■ Task
Return, word for word, the lines of the listing below from the one with "La princesse Stéphanie" through the one with "Siempre debemos de", and no other lines.

■ Records for processing
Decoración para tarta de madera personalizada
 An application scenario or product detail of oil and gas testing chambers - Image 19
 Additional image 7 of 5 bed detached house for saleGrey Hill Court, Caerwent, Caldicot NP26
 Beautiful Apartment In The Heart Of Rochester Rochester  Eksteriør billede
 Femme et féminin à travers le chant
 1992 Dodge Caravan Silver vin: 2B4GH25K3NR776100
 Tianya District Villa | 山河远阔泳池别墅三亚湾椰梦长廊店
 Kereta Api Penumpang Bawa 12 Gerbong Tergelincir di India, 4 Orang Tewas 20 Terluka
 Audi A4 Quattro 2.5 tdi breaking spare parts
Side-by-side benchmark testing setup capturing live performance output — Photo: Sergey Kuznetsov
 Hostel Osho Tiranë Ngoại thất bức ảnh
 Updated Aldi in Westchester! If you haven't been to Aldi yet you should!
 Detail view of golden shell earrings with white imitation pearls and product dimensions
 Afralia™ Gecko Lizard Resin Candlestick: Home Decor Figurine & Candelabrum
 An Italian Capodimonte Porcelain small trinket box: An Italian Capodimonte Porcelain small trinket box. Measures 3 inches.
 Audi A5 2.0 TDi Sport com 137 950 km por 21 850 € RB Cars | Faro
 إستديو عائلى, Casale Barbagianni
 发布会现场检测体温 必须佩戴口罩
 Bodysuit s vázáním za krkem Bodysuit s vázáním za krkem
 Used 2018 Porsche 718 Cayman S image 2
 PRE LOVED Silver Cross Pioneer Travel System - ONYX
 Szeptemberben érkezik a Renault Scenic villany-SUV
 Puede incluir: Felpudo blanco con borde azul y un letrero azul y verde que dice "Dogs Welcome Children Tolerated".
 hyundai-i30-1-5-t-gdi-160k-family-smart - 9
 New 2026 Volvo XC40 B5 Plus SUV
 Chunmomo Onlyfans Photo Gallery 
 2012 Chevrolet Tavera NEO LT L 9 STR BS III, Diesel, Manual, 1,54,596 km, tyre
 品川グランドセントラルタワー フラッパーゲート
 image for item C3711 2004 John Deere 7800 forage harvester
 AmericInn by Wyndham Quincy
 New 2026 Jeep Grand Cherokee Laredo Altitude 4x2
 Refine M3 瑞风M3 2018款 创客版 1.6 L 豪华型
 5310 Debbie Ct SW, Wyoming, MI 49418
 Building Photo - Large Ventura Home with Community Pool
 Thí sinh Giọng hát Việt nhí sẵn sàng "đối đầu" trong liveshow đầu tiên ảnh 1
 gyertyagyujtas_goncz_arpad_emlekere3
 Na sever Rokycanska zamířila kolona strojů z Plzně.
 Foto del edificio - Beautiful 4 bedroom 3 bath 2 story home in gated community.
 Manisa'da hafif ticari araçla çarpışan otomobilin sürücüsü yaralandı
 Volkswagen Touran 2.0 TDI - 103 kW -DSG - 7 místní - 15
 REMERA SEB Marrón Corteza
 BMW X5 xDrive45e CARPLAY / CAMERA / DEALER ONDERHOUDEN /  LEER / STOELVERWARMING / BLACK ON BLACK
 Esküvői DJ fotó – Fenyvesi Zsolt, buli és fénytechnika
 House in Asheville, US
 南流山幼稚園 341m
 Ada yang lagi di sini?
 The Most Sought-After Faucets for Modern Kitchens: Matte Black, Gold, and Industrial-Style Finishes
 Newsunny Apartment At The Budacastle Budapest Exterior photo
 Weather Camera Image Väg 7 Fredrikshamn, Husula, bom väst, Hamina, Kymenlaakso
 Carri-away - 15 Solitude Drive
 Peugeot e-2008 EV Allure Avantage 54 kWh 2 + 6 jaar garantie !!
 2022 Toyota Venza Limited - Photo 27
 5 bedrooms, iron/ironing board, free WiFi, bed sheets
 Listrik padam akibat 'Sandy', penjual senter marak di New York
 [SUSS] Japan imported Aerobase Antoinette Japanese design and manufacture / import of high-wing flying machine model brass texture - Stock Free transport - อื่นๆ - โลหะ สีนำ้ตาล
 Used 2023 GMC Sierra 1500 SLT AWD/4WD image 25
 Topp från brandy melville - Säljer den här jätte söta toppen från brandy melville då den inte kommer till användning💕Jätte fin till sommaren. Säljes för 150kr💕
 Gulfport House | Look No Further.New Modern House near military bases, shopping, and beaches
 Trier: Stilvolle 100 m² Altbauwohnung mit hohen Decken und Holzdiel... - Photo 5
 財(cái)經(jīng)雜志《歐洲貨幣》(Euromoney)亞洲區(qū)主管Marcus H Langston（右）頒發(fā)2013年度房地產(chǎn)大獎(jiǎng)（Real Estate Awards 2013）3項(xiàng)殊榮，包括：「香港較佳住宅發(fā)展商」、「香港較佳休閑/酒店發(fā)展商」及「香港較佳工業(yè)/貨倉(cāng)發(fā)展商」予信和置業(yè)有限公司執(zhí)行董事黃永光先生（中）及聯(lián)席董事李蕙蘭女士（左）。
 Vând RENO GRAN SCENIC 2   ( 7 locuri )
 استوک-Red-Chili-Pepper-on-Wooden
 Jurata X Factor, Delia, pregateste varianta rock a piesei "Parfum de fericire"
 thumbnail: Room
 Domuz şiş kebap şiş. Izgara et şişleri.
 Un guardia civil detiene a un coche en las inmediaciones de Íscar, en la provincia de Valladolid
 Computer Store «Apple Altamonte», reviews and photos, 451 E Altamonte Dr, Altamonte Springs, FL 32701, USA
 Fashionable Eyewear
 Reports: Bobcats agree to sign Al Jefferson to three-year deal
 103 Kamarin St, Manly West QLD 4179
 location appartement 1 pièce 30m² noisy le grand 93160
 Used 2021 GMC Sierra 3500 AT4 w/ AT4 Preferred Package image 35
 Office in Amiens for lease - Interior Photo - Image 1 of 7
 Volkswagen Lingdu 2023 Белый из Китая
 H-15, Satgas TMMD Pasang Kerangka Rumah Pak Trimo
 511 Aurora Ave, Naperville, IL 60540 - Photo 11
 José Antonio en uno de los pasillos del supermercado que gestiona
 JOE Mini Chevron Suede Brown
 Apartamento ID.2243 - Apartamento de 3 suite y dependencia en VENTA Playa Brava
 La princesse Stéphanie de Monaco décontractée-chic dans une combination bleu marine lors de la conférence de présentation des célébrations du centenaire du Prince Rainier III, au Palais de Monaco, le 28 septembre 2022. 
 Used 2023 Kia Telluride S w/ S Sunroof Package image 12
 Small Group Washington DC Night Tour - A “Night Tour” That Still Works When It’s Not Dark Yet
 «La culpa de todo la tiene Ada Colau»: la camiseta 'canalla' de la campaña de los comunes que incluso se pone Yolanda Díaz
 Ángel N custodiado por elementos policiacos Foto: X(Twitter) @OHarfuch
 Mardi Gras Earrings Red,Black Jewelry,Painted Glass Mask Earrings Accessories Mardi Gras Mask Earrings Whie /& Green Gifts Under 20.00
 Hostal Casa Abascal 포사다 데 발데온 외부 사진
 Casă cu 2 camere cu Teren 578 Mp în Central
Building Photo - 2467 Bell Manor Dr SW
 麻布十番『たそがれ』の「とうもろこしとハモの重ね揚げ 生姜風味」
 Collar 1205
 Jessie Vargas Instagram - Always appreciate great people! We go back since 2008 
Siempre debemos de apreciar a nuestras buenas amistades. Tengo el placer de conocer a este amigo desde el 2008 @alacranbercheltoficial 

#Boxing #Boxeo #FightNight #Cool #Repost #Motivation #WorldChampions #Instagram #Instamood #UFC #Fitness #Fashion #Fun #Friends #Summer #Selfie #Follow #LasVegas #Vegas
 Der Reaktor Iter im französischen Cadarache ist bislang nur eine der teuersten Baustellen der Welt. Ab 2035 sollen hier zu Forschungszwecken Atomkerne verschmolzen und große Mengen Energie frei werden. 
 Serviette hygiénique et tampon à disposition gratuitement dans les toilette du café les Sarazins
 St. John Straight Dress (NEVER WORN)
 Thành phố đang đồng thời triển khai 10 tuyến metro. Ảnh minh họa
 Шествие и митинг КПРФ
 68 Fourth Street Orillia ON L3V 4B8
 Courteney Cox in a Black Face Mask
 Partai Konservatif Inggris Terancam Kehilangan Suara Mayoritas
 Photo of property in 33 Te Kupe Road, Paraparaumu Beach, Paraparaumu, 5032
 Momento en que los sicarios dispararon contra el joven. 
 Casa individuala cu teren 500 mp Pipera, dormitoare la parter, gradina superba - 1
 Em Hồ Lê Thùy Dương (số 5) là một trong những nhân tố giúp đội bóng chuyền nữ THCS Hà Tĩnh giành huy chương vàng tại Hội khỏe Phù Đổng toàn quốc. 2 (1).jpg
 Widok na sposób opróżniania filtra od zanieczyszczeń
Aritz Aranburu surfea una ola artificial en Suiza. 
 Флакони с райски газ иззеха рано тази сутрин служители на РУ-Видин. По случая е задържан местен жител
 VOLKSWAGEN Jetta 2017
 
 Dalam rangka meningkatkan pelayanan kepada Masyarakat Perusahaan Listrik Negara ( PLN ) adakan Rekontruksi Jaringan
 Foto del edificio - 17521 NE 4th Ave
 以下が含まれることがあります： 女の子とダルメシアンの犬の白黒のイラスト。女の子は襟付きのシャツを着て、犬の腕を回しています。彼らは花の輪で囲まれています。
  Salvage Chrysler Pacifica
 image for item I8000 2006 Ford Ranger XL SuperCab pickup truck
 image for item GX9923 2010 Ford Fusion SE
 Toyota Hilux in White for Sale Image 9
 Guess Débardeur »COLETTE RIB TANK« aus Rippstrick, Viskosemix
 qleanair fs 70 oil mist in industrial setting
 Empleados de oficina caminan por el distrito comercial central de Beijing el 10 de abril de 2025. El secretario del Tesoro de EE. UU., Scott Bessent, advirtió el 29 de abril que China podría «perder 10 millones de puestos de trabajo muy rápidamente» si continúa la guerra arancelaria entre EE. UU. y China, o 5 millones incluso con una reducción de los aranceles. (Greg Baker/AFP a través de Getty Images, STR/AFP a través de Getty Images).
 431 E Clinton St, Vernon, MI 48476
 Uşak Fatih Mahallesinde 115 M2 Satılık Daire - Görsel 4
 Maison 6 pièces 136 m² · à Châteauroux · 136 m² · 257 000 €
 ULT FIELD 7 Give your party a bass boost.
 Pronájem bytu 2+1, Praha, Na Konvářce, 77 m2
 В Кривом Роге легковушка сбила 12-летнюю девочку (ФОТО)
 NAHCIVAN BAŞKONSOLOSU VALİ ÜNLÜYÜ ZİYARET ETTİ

■ Result for this exercise
 La princesse Stéphanie de Monaco décontractée-chic dans une combination bleu marine lors de la conférence de présentation des célébrations du centenaire du Prince Rainier III, au Palais de Monaco, le 28 septembre 2022. 
 Used 2023 Kia Telluride S w/ S Sunroof Package image 12
 Small Group Washington DC Night Tour - A “Night Tour” That Still Works When It’s Not Dark Yet
 «La culpa de todo la tiene Ada Colau»: la camiseta 'canalla' de la campaña de los comunes que incluso se pone Yolanda Díaz
 Ángel N custodiado por elementos policiacos Foto: X(Twitter) @OHarfuch
 Mardi Gras Earrings Red,Black Jewelry,Painted Glass Mask Earrings Accessories Mardi Gras Mask Earrings Whie /& Green Gifts Under 20.00
 Hostal Casa Abascal 포사다 데 발데온 외부 사진
 Casă cu 2 camere cu Teren 578 Mp în Central
Building Photo - 2467 Bell Manor Dr SW
 麻布十番『たそがれ』の「とうもろこしとハモの重ね揚げ 生姜風味」
 Collar 1205
 Jessie Vargas Instagram - Always appreciate great people! We go back since 2008 
Siempre debemos de apreciar a nuestras buenas amistades. Tengo el placer de conocer a este amigo desde el 2008 @alacranbercheltoficial 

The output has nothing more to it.